* TASK DIRECTIONS: In the entries below, find the line containing "日産ノートe11 純正スピーカー枠 カロッツェリア16センチ用スピーカーにのサムネイル" and the line containing "Economy of India: Expectations". Copy those two lines and everything between them exactly, and only that.

* AVAILABLE DATA:
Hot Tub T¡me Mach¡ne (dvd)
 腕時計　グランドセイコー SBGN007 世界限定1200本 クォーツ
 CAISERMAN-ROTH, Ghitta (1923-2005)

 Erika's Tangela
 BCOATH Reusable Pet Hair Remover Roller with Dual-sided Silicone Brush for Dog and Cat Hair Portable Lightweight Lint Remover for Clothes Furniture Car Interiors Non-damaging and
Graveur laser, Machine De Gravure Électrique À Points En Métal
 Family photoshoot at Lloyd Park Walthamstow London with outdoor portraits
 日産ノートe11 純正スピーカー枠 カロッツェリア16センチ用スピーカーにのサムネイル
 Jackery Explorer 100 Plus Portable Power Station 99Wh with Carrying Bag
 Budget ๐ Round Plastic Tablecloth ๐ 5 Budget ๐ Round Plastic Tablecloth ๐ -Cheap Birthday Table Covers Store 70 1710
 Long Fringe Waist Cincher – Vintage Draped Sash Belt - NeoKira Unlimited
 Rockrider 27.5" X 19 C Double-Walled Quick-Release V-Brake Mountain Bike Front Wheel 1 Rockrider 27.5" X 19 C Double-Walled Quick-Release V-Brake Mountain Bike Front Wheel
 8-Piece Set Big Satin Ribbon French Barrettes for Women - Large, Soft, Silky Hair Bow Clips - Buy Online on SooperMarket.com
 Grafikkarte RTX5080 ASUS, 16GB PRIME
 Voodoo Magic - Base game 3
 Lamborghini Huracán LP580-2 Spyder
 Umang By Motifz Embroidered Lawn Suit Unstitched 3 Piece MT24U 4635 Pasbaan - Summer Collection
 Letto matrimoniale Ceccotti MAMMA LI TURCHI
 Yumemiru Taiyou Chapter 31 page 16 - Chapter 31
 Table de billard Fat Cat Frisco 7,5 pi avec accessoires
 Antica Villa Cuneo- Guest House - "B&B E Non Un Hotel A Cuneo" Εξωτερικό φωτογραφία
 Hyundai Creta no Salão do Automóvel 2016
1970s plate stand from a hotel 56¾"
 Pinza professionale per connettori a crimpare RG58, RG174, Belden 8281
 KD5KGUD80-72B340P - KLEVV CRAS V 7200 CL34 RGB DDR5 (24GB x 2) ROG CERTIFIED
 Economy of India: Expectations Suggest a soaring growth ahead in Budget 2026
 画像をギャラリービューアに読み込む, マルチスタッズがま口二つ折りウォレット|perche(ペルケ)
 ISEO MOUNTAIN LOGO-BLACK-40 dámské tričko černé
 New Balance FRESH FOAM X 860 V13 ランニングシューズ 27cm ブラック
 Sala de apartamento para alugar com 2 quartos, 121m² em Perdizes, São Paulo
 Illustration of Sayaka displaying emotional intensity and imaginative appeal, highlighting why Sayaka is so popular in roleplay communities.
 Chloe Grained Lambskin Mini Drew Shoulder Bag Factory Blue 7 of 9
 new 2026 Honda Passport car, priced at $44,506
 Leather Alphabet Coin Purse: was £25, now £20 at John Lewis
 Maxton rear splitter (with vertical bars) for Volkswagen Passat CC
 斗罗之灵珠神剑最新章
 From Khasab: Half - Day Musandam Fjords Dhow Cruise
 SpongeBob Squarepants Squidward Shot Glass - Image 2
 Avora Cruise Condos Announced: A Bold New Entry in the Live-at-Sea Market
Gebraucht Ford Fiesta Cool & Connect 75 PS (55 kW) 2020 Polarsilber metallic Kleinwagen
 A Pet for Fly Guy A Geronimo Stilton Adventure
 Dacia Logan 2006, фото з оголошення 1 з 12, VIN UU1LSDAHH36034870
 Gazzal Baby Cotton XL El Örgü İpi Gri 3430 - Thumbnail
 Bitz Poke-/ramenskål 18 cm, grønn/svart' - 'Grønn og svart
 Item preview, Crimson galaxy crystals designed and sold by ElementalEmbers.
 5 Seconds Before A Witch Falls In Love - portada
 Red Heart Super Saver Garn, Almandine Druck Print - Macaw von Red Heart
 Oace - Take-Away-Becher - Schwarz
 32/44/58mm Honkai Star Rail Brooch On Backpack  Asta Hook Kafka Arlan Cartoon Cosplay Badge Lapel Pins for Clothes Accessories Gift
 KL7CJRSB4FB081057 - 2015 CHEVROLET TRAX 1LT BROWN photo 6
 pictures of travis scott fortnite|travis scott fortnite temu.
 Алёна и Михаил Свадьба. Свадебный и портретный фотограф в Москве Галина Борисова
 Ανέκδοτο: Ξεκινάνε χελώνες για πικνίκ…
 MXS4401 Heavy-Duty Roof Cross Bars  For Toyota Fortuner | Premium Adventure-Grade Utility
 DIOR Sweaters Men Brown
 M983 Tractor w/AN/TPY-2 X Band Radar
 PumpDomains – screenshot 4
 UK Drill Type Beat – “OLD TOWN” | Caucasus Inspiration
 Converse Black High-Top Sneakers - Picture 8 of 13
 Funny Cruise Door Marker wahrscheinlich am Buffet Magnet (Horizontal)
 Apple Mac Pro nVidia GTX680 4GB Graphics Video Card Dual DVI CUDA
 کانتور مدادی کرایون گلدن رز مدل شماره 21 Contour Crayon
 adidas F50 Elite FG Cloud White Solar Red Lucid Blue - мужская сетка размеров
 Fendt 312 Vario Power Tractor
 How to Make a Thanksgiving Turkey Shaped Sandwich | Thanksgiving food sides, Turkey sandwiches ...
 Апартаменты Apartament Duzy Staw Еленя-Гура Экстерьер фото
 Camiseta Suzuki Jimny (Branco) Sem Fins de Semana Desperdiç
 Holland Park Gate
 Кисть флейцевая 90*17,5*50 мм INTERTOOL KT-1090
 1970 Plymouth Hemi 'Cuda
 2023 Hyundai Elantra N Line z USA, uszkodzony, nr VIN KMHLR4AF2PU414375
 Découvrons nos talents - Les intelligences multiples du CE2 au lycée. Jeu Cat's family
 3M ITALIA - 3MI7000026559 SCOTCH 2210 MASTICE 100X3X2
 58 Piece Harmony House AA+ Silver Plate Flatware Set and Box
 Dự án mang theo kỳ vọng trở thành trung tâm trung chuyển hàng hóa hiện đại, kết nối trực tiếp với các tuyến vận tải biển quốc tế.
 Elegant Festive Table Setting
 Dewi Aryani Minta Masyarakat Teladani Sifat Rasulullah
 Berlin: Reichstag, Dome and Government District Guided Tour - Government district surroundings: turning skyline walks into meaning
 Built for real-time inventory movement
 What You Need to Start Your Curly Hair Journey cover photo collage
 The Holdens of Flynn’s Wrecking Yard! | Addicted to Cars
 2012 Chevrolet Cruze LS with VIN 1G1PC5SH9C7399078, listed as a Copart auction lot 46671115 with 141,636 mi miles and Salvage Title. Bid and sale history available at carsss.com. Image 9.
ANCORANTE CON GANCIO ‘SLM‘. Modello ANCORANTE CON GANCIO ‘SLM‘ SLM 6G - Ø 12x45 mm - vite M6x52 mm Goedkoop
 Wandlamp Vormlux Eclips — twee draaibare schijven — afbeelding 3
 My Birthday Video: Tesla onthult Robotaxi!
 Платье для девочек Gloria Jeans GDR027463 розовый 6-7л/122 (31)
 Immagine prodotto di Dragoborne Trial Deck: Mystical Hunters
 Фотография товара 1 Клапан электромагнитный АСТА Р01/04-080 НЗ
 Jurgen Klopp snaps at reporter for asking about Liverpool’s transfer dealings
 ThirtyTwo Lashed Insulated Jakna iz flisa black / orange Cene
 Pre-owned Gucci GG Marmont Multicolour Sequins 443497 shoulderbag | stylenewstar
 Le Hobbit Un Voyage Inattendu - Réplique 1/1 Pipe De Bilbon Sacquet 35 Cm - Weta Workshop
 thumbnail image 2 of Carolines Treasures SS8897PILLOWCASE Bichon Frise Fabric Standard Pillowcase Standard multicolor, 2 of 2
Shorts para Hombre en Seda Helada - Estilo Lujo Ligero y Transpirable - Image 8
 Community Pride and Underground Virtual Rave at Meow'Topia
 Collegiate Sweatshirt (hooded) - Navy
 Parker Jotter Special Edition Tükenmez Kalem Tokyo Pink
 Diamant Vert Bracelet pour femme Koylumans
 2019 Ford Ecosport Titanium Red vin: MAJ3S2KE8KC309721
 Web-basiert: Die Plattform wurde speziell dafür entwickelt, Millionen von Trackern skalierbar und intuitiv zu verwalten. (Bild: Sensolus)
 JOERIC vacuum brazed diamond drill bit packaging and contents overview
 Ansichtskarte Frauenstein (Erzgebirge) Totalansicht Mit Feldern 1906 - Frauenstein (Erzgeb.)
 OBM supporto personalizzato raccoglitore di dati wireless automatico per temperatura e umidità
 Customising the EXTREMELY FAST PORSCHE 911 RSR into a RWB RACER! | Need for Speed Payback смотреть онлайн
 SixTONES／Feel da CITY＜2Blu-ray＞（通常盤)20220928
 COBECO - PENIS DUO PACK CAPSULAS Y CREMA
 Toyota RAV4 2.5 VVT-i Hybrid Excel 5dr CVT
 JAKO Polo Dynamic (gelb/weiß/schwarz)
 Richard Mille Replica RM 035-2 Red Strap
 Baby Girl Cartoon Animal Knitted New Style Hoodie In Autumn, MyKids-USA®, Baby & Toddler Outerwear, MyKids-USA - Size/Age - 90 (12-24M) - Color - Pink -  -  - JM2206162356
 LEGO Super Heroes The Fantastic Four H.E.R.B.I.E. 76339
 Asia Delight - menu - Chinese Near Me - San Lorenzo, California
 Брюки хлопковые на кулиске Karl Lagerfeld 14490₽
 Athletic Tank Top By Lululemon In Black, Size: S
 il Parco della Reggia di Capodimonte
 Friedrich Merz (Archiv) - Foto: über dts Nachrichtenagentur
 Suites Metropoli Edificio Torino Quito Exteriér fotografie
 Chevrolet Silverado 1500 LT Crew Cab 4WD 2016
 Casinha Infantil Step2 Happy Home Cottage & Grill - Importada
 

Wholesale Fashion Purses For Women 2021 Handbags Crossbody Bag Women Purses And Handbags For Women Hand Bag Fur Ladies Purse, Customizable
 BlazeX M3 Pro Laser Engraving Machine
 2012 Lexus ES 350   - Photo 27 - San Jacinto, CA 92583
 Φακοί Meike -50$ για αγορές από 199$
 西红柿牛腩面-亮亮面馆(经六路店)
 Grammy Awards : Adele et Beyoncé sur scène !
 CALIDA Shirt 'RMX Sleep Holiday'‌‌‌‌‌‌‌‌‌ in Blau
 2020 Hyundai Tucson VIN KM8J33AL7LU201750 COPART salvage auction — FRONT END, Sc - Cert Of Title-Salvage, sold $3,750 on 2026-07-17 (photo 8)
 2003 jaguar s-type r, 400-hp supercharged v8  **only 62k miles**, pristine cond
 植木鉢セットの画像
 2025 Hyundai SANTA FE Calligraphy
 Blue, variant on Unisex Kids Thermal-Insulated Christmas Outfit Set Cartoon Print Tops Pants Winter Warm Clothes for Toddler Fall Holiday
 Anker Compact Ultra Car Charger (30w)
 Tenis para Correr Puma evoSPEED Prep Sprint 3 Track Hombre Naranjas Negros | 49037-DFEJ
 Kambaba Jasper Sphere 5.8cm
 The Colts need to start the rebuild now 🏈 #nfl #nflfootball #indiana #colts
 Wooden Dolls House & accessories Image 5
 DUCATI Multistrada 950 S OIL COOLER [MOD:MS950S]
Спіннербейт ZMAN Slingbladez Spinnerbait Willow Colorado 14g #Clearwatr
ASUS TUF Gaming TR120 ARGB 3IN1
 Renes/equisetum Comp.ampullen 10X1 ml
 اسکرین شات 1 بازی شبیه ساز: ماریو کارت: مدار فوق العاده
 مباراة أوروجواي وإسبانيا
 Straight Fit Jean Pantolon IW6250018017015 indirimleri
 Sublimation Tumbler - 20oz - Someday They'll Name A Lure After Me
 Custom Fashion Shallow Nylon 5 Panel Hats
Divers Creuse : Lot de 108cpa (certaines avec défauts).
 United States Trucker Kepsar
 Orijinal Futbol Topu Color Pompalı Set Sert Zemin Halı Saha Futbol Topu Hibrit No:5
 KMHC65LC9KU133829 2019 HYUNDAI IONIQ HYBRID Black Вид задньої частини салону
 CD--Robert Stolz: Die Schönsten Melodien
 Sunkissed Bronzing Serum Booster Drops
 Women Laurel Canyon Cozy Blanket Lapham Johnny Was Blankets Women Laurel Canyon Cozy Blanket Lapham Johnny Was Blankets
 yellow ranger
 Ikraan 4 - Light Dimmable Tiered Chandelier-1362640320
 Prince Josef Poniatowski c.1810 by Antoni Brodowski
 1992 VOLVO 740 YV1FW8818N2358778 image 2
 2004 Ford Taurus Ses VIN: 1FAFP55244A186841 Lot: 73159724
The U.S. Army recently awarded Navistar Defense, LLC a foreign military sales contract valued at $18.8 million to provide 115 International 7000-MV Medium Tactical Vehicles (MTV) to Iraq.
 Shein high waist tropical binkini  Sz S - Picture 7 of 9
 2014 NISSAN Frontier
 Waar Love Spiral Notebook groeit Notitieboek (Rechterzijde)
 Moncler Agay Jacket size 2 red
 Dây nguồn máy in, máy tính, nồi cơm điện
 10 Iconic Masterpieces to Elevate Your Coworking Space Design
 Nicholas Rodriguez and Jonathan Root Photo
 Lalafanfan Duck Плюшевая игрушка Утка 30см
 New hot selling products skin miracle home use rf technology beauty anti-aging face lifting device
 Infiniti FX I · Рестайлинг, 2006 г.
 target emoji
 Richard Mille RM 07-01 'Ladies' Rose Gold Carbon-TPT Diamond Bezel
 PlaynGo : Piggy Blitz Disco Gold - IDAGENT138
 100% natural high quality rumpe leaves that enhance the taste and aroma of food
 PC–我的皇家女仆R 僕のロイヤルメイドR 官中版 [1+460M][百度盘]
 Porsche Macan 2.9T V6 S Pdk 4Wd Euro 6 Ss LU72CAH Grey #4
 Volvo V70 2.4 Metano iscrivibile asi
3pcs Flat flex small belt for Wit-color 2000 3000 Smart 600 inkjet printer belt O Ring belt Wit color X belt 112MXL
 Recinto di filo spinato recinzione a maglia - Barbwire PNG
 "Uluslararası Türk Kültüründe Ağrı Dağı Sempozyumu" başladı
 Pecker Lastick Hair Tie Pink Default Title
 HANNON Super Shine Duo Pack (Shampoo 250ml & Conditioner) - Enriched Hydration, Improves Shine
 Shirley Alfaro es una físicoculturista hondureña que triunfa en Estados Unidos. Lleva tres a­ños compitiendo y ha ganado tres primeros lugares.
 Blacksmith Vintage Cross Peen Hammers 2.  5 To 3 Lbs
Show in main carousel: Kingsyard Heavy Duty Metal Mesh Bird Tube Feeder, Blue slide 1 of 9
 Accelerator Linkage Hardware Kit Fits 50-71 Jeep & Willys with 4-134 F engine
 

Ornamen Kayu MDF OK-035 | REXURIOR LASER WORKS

* RESULT OF THE TASK:
 日産ノートe11 純正スピーカー枠 カロッツェリア16センチ用スピーカーにのサムネイル
 Jackery Explorer 100 Plus Portable Power Station 99Wh with Carrying Bag
 Budget ๐ Round Plastic Tablecloth ๐ 5 Budget ๐ Round Plastic Tablecloth ๐ -Cheap Birthday Table Covers Store 70 1710
 Long Fringe Waist Cincher – Vintage Draped Sash Belt - NeoKira Unlimited
 Rockrider 27.5" X 19 C Double-Walled Quick-Release V-Brake Mountain Bike Front Wheel 1 Rockrider 27.5" X 19 C Double-Walled Quick-Release V-Brake Mountain Bike Front Wheel
 8-Piece Set Big Satin Ribbon French Barrettes for Women - Large, Soft, Silky Hair Bow Clips - Buy Online on SooperMarket.com
 Grafikkarte RTX5080 ASUS, 16GB PRIME
 Voodoo Magic - Base game 3
 Lamborghini Huracán LP580-2 Spyder
 Umang By Motifz Embroidered Lawn Suit Unstitched 3 Piece MT24U 4635 Pasbaan - Summer Collection
 Letto matrimoniale Ceccotti MAMMA LI TURCHI
 Yumemiru Taiyou Chapter 31 page 16 - Chapter 31
 Table de billard Fat Cat Frisco 7,5 pi avec accessoires
 Antica Villa Cuneo- Guest House - "B&B E Non Un Hotel A Cuneo" Εξωτερικό φωτογραφία
 Hyundai Creta no Salão do Automóvel 2016
1970s plate stand from a hotel 56¾"
 Pinza professionale per connettori a crimpare RG58, RG174, Belden 8281
 KD5KGUD80-72B340P - KLEVV CRAS V 7200 CL34 RGB DDR5 (24GB x 2) ROG CERTIFIED
 Economy of India: Expectations Suggest a soaring growth ahead in Budget 2026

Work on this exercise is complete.